Created attachment 7581 [details] Input used to reproduce the bug. vi is using read_key() to obtain input. The read_key() __may__ process ESCape sequences and __may__ silently drop invalid ESCape sequences. This can result in vi not seeing a valid ESCape keystroke such as to exit 'insert' mode. The read_key() function opportunistically buffers and processes input. If an ESCape key is seen, read_key() will try to read the sequence completion in order to process the sequence. If the key following the ESCape is not a valid ESCape sequence completion, the ESCape and any buffered data that follows is silently dropped. This issue typically will not show up during manual editing through vi as there is very little chance that someone can type fast enough to get input buffered. However, if input is streamed, this problem is very common. To reproduce: Use a default busybox config to build. Using the attached file, execute the following. rm -f foo && busybox vi < test_vi_input The command will terminate with the error 'vi: can't read user input'. It should terminate with no error and successfully create the file 'foo'.
What fix do you propose?
I would propose breaking out the read/buffering functionality into read_key_raw(). Keep the ESC sequence processing in read_key() and use read_key_raw() for the buffered input. Then change vi to use read_key_raw() rather than read_key().
(In reply to Mike Berger from comment #2) > I would propose breaking out the read/buffering functionality > into read_key_raw(). Keep the ESC sequence processing in read_key() > and use read_key_raw() for the buffered input. I meant: how do you propose to handle the sequence of "<ESC><chars which are not a valid esc sequence>"?
I think silently dropping all buffered input when an invalid ESC sequence is seen is a bug. I think there are a few possible reactions. I'll defer to more knowledgeable folks as to which which is best. 1. Silently drop the ESC and continue processing the following character as if the ESC had not been received. 2. Silently drop the ESC and the following invalid key. Continue processing as if the ESC-<bad> had not been received. 3. Mimic the behavior of read_key() if no input had been buffered. Return the ESC, and continue processing the following character as if the ESC had not been received. Note that #3 would fix this particular bug without needing to do the read_key()/read_key_raw() split, but I still think vi should not be calling a function that may or may not process an ESC sequence.
(In reply to Mike Berger from comment #4) > I think silently dropping all buffered input when an invalid ESC sequence is seen is a bug. It's intended. I coded that myself. I got sick and tired of having accidental presses of unrecognized keys (e.g. Ctrl-Shift-key) resulting in unexpected actions. I prefer when in this case nothing happens. > 1. Silently drop the ESC and continue processing the following character as if the ESC had not been received. I don't think it's good. See above. > 3. Mimic the behavior of read_key() if no input had been buffered. Return the ESC, and continue processing the following character as if the ESC had not been received.
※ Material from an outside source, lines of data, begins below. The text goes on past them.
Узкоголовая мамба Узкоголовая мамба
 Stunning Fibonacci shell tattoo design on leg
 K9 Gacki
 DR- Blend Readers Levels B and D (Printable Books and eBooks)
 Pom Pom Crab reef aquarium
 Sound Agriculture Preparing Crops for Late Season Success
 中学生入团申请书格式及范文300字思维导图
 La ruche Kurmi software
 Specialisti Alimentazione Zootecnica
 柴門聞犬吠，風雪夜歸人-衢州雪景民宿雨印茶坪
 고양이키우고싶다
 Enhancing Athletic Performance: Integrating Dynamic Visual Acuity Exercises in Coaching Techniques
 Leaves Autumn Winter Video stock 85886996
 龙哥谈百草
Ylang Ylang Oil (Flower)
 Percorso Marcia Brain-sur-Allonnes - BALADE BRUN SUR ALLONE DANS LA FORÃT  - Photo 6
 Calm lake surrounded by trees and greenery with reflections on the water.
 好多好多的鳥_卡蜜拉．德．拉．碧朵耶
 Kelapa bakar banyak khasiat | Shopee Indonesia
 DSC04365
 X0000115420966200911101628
I don't think it's good. See above. > 2. Silently drop the ESC and the following invalid key. Continue processing as if the ESC-<bad> had not been received. This is what happens now, right? The entire sequence is ignored.
(In reply to Denys Vlasenko from comment #5) No, it's more than the entire sequence being ignored - read_key() silently drops the bad ESC sequence PLUS any other data that happens to be buffered. I really don't want to make this bug about the behavior of read_key(). I think read_key() behavior is suitable for any application that does not perform it's own ESC processing. It is unsuitable for any application that must perform its own ESC handling - like vi. The point of this bug is that vi is not behaving correctly in some corner cases because it is using an input function that processes ESC keys in a non-deterministic way. In most cases, the ESC is merely passed through and everything works fine. But, I've provided a case where vi does not behave properly. The vi applet needs to see the ESC key, not a processed ESC sequence.
(In reply to Mike Berger from comment #6) > No, it's more than the entire sequence being ignored - read_key() silently drops the bad ESC sequence PLUS any other data that happens to be buffered. Yes, that's what it does. Because the dropped sequence is _unknown_ to the code, it can't know where it ends. So it drops all buffered data until there is nothing. > The point of this bug is that vi is not behaving correctly in some corner cases In what corner cases? "vi <test_vi_input" is not a way how "vi" is supposed to be used. If you want to edit a file with a script, use sed/awk/grep/...
Please just close off this bug. I'll rely on local changes so that my automation environment continues to behave as before these "improvements" were made.